The dollar was down for a second week as traders adjusted their view of the Fed’s interest rate hike

Posted on

NEW YORK – The dollar fell sharply on Friday on its way to a double -weekly decline as traders lowered expectations for a U.S. Federal Reserve rate hike and increased inflation and consumer spending data eased fears of a recession.

The dollar index, which measures safe-haven currencies against traders of six other major currencies, fell to 101.43, its weakest since April 25th. week. At 3:10 pm Eastern time (1910 GMT), the dollar was down 0.059% at 101.66.

“We continue to think that the best USD rally right now is at an end and while the USD may not have fallen yet, further gains are unlikely,” a strategist from Scotiabank said in a client note.

“The Fed has fully priced in and expectations for a rate hike by the end of the year may be revised if the economy is faster than expected,” he said.

The greenback reached a nearly two -decade peak above 105 earlier this month but has declined along with outlooks for the magnitude of the possibility of a Fed interest rate hike this year, which has been supported in part by fears over runaway inflation.

“The dollar lost height as the Fed’s view of pausing rate hikes in the fall gained traction,” said Joe Manimbo, senior market analyst at Western Union Business Solutions.

Minutes from this week’s May Fed meeting show participants generally believe a 50-basis point hike will be appropriate at June and July policy meetings, but many think the early hike will allow room to pause at the end of the year to decide what tighter policy is. help tackle inflation.

Although inflation continued to increase in April, rising less than in recent months, data showed Monday. The personal consumption price index (PCE) rose 0.2%, the smallest gain since November 2020, after rising 0.9% in March. For the 12 months to April, the PCE price index advanced 6.3% after jumping 6.6% in March.

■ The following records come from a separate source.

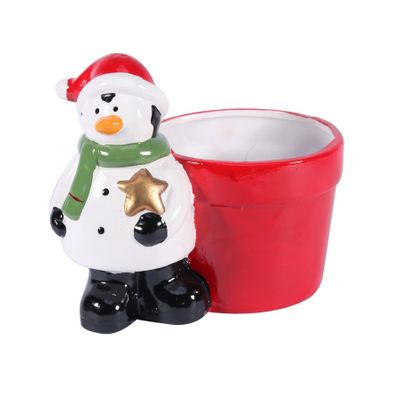 Novelty Ceramic Pot w/Penguin (24)


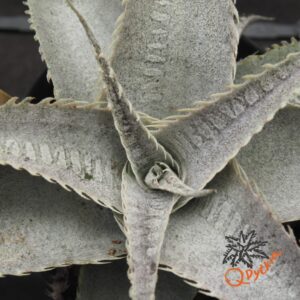 Dyckia T-REX x ML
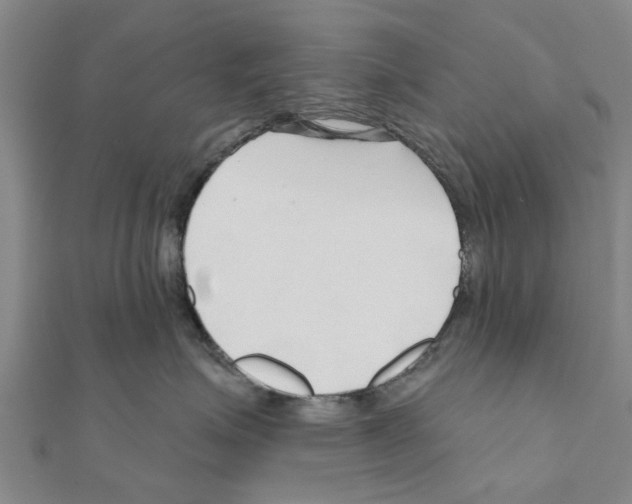 X0000111200623200908121111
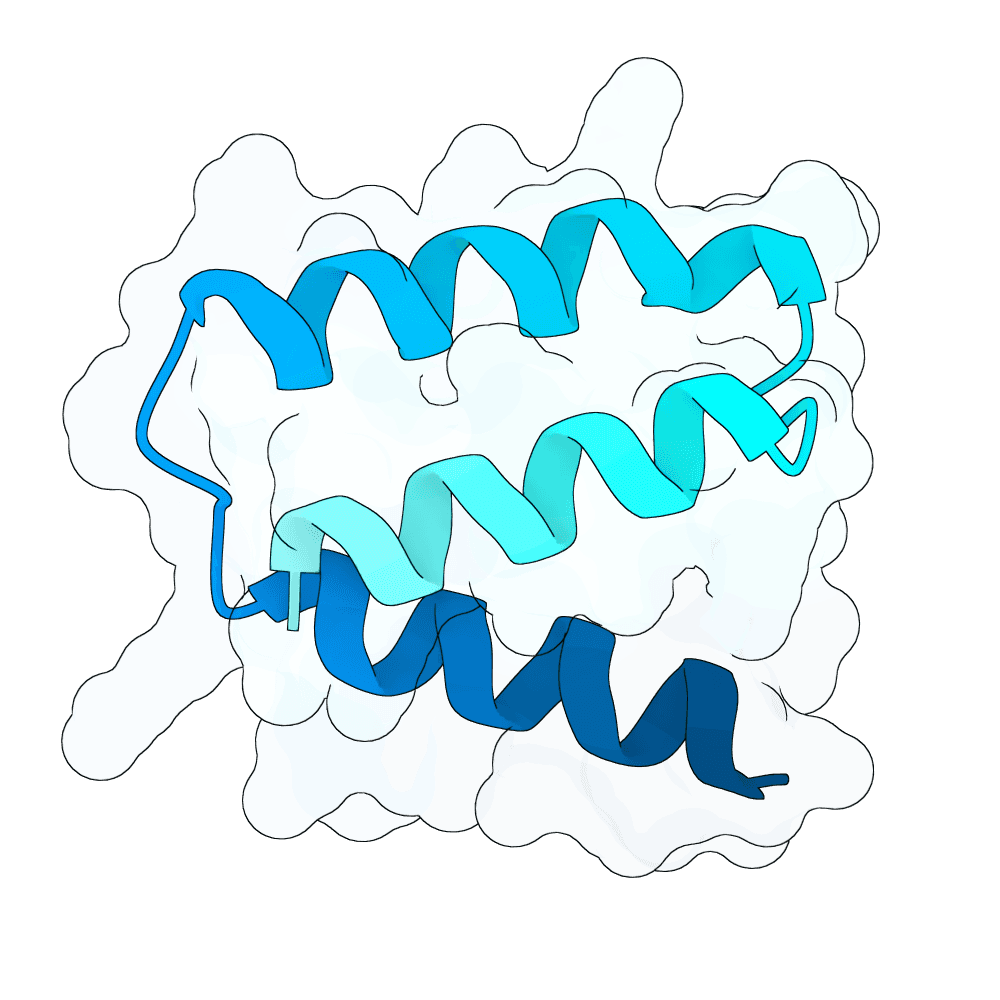 gentle-bison-granite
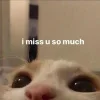 🤩
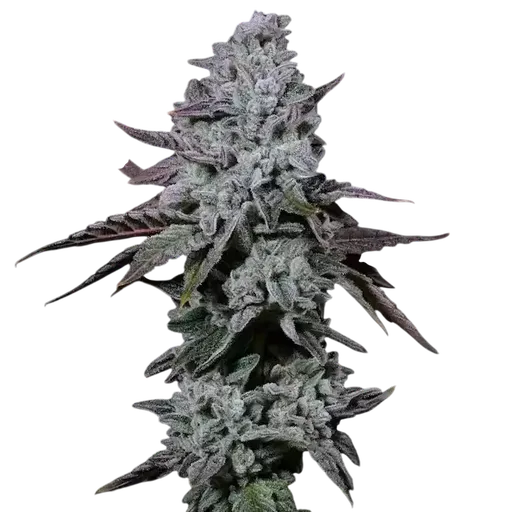 Banana Daddy IBL Auto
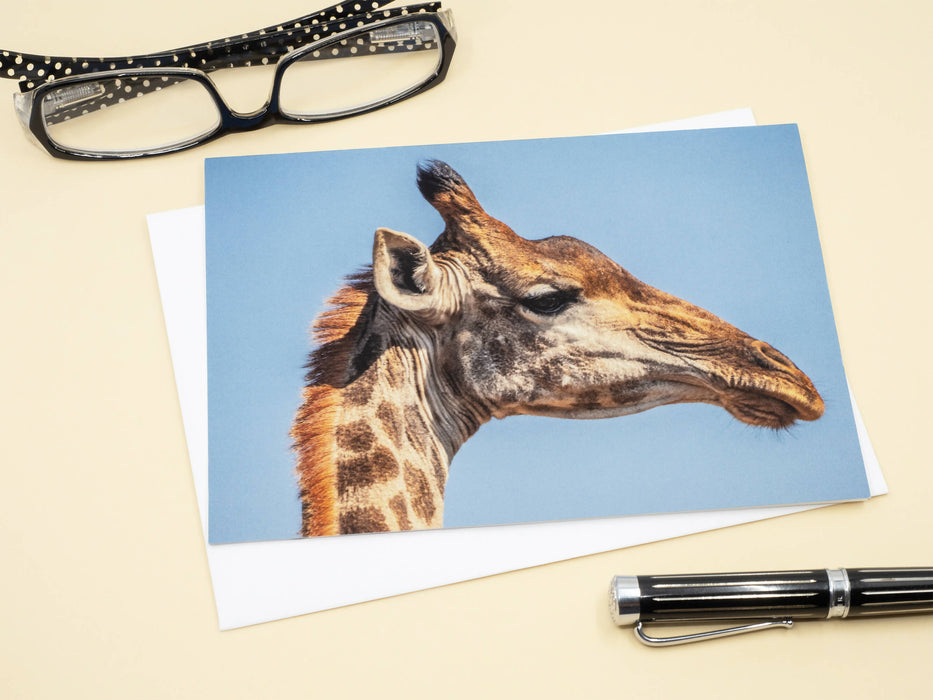 Giraffe Photography Greeting Card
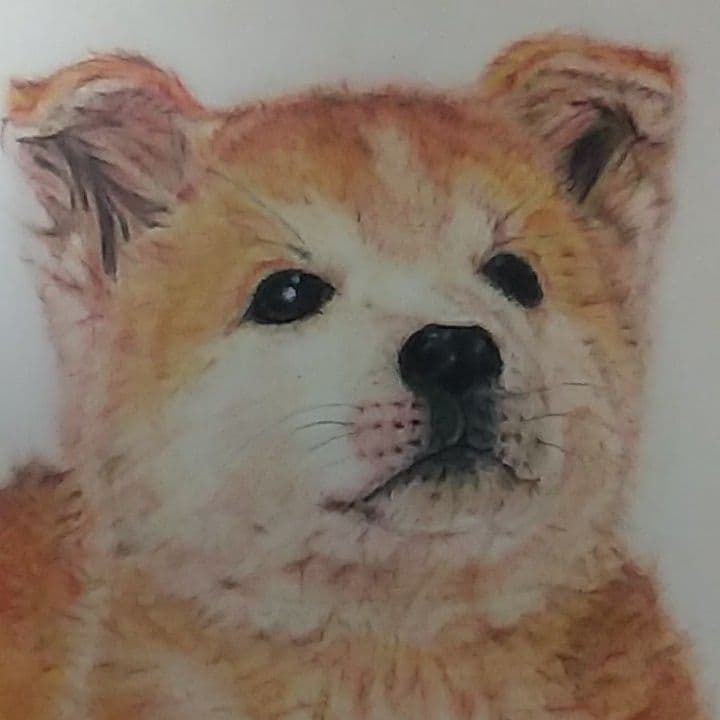 B4サイズ 色鉛筆画（ハチ公物語）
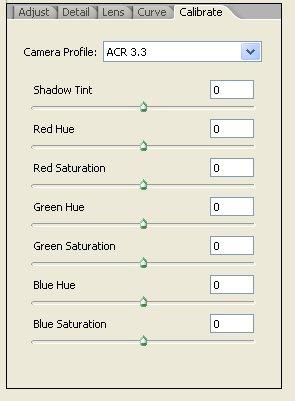 Adobe Camera RAW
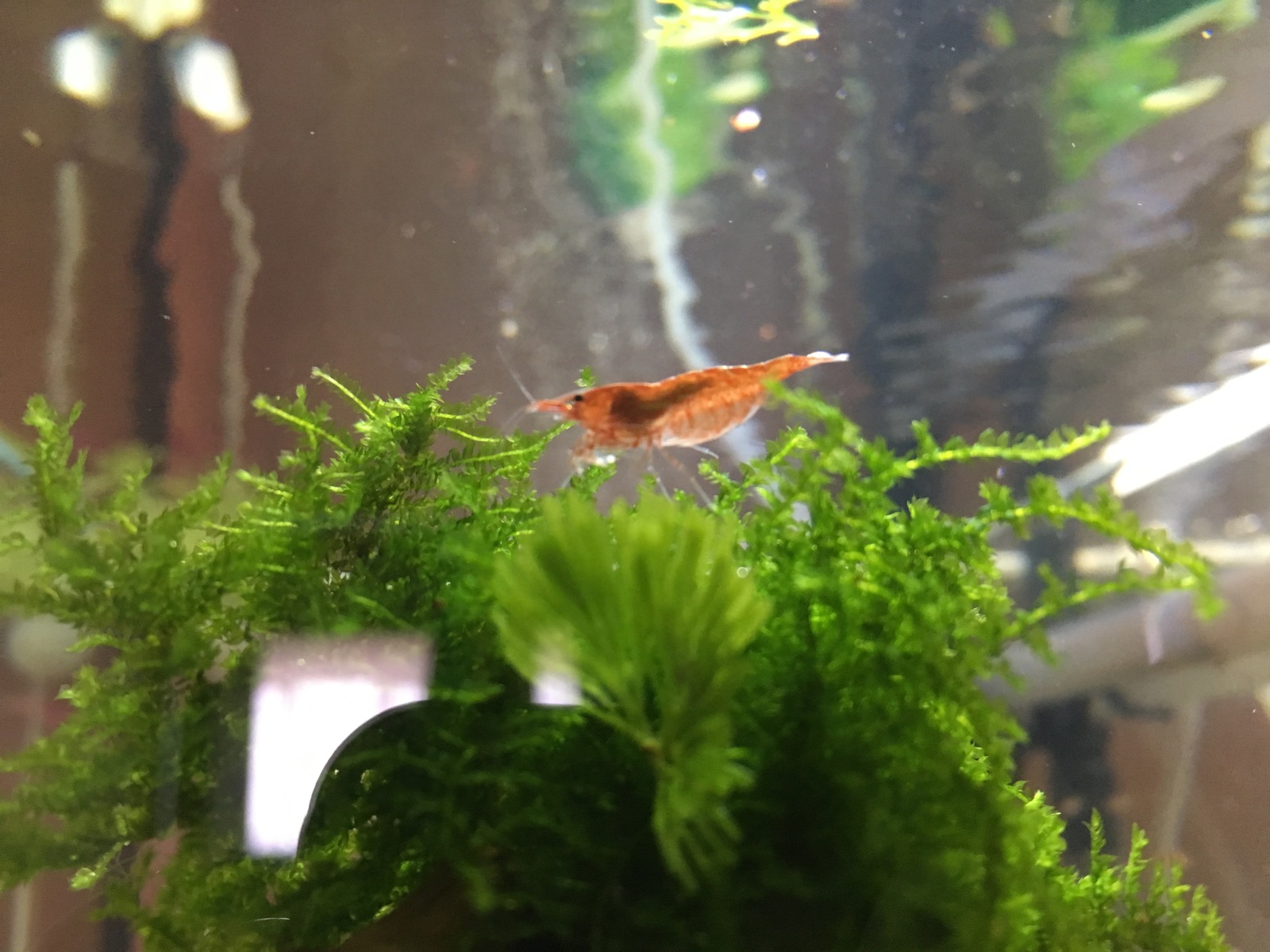 My first shrimp. - My, Aquarium, Shrimps, Hobby, Living water, Longpost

The U.S. Treasury benchmark yielded lower on Friday, but briefly bounced down the session after April inflation figures, which added to hopes that the worst price pressures have passed.

A separate report showed U.S. consumer spending rose more than expected last month as households increased purchases of goods and services.

The main U.S. report next week will be the nonfarm wage numbers for May over the weekend.

“The jobs data will shed some light on the scope for tightening from the third quarter going forward,” Manimbo said.

The euro has been a major recipient of the dollar’s ​​decline, but the momentum has also stalled as investors believe that the rate hike from the European Central Bank has been priced at current levels.

The single currency averaged for the day at $ 1.0731, before rising to its highest level in months. Sterling was 0.16% higher at $ 1.2628.

The risk -sensitive Australian dollar rose 0.8% to $ 0.7156, while the New Zealand dollar rose 0.88% to $ 0.6535.

Better risk sentiment didn’t help bitcoin, but it was 2.59% lower at $ 28,426, continuing a gradual decline this week from the psychologically important $ 30,000 level.